It is a time of rituals and rites of passage for our culture. In this third week of Epiphanytide, when Christians celebrate the manifestation of Christ to all the world, we cast our eye back to the peaceful pastor Martin Luther King who had a dream.
Pastor King’s dream was a Christian dream, in that it was formed from the ideal of the dignity of every living person, regardless of race or class. That each and every one of us was to be treated with respect is a relatively new idea in the history of mankind, an idea taught by a loving God, the God of Abraham.
He was a Jewish God, to be sure, who burned his laws of love onto tablets on a mountain, to teach peace among men. He guided his chosen people through history, through an older testament and into a newer testament, to the birth of his Son in a stable outside Bethlehem. For this was the crucial lesson in personal dignity, in love, teaching that true love demanded humility and was defined by sacrifice, the sacrifice of the Cross.
Other cultures do not share the Judeo-Christian belief in the dignity of man. Indeed, even the West has not always practiced its preaching, but still it preached, and continues to do so, from pulpits with words and soup kitchens with deeds, proclaiming a God of love who commands that we love as He loves, sacrificially. And it is far better to fall short of the ideal than to have no ideal at all.
And so today we honor our past. We honor Dr. King and his peaceful dream of dignity for all.
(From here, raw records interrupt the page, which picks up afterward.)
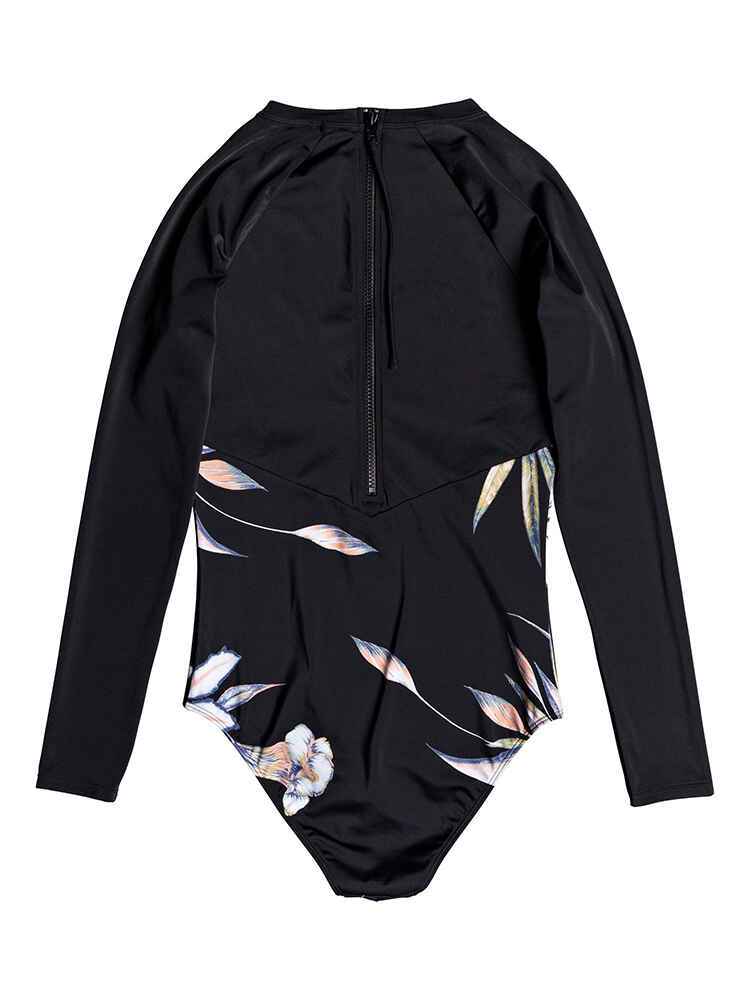 ROXY LADIES FIND YOUR WILD L/S ONESIE SWIMSUIT BLACK FLOWER Womens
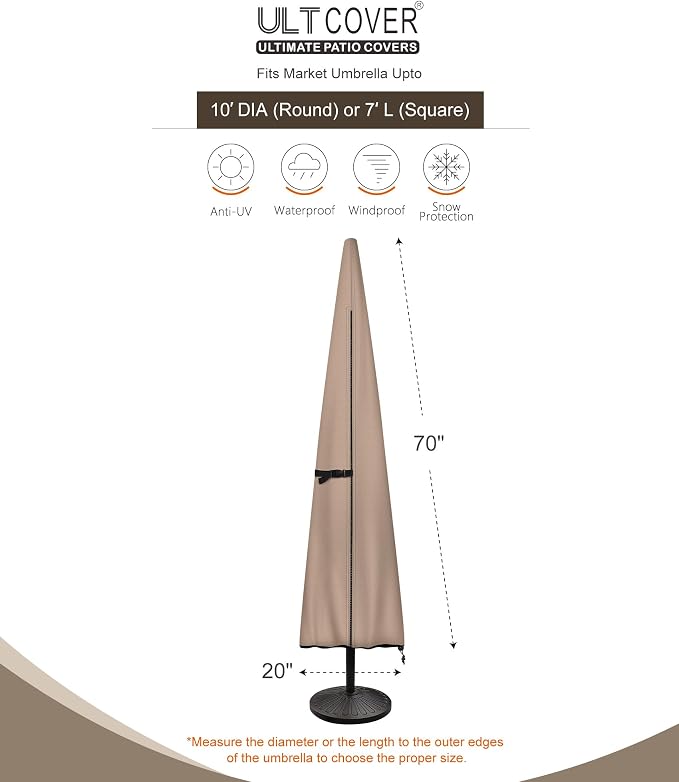 ULTCOVER Patio Parasol 600D Waterproof Outdoor Market Umbrella Cover - Fits Market Umbrella 7-10 Feet - Image 3
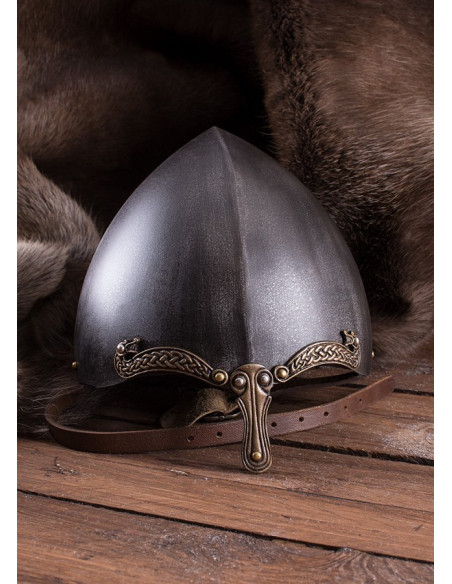 Celtic helmet with nose, rustic finish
We honor the freedom of speech that gave him the right to speak publicly on the steps of the Lincoln Memorial in Washington D.C. in 1963, calling for an end to racism and the passage of civil rights legislation in Congress.
And in the light of that Epiphany star two thousand years ago that guided the wise men to the humble bed of straw, we look ahead to the great rite of passage, the ritual of change in America, the inauguration of a new president, the ordering of a new government that will rule our people.
This ritual, wisely, still includes an oath sworn on a Bible. Across the land prayers will be said and hymns sung. And be of good cheer, for our new president is a good man. He embodies our ideals of equality, of dignity for all, of liberty protected by law. These ideals have been increasingly eroded in our culture, increasingly attacked under a guise of caring and concern. In this last year, we wanted the wisdom of the wise men to see through such disguises, to see the wolves in sheep’s clothing, to see that desire for power over our daily deeds, words, and goods, posed as caring and concern. Sorting fake news from real news, soundbites from snakebites, we came to see that elites breed elites and protect their own. They do this through power over you and me.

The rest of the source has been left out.